Obradovic’in varlığının bile pozitif bir unsur olduğunu vurgulayan 2002 doğumlu oyuncu, şunları belirtti:
”BGL’de birçok yetenekli ve beğendiğim oyuncular var. Aralarında milli takımlara gidenler de var. Birini söylediğimde diğerine haksızlık olabilir. Sınırlı sayıda değil çünkü beğendiğim oyuncu sayısı. Gerçekten çok kaliteli oyuncular var, zaten buradan çıkıp üst liglerde süre alanlar da oluyor, kimisi yurt dışına çıkıp oynuyor. Bu da zaten kaliteyi gösteriyor.”
”Zeljko Obradovic’in olduğu bir organizasyonda olmak heyecan vericiydi. Obradovic, Bandırma maçımızı izlemişti. O gün bir diz gelmişti bana, savunmada iyi oynadığı ama genel olarak kendimi yeterli görmediğim bir maç olmuştu. Obradovic’in varlığı bile o an insana pozitif bir etki yapıyordu. İnanılmaz biriydi. Gördüğü zaman selam veriyordu, bu insanı inanılmaz etkiliyordu. Bu kadar büyük bir koçun bunları yapması insanı gururlandırıyordu. Onunla çalışmayı gerçekten çok isterdim.”
”Şimdi ise Igor Kokoskov gibi bir marka geldi. Böyle isimlerin gelmesi de büyük motivasyon. Elbette Obradovic’le çalışmamamın bir hüznü var. Onunla çalışıp, onun oyuna olan bakış açısını daha iyi öğrenmek isterdim.”
– Kimine göre Bogdan kimine göre Mert Hakan
Röportajın son bölümünde biraz konu dışına çıkmak istedik. Özellikle son dönemlerde Emre’yi Fenerbahçe futbol takımında forma giyen Mert Hakan Yandaş’a benzetenler de oluyor.
Hem bu konuda hakkındaki cevabını alırken, hem de boş zamanlarında neler yaptığını kısaca anlattı:
”Arkadaşlarım yüz hatlarımı Bogdan Bogdanovic’e benzetiyorlardı. İlk başlarda ben kendimi çok benzetemiyordum ama sosyal medyada çok gördüm, Mert Hakan Yandaş’a da benzetenler oluyor. Hatta bu konuda farklı espriler yapanlar da var.”

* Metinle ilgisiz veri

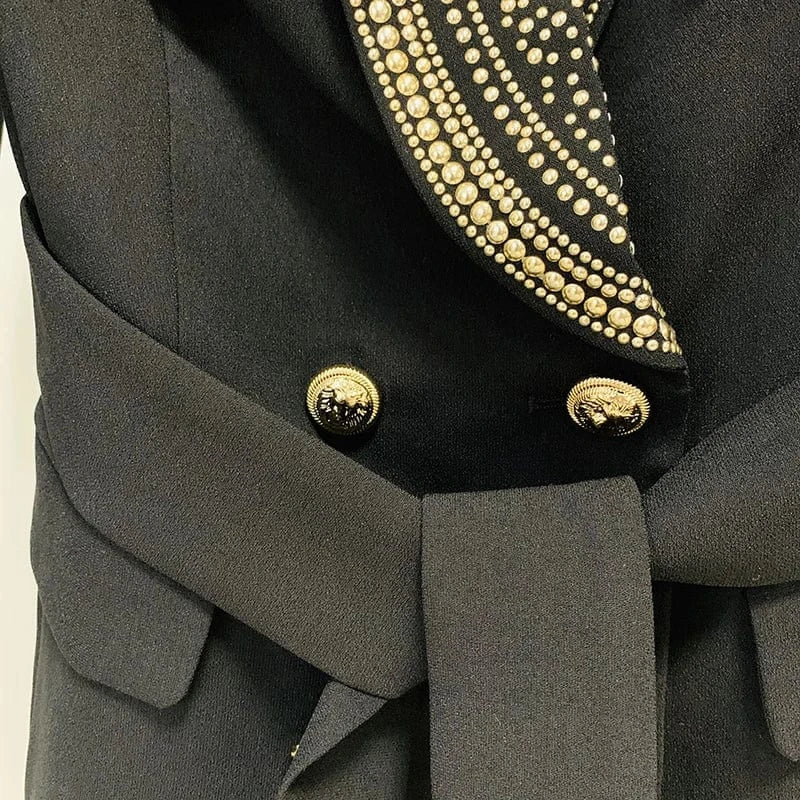 HIGH STREET Newest 2024 Stylish Designer Jacket Women's Metal Sheets Beading Belted Shawl Collar Blazer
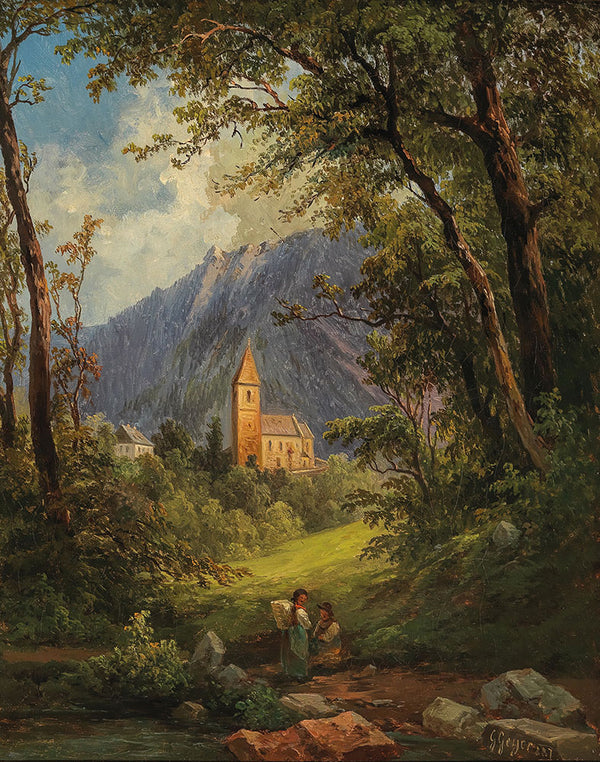 A Small Church in the Mountains by Georg Geyer - Art Print - Zapista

”Dürüst olmak gerekirse sürekli kitap okuyorum diyemem. Okuduğum kitaplar var ama aslında bunu süreklilik haline getirmem gerekiyor dediğim bir konu bu. Yakın çevremle vakit geçirmeyi seviyorum. Çok fazla geç saatlere kalmayı da sevmiyorum. Profesyonel yaşamaya gayret ediyorum.”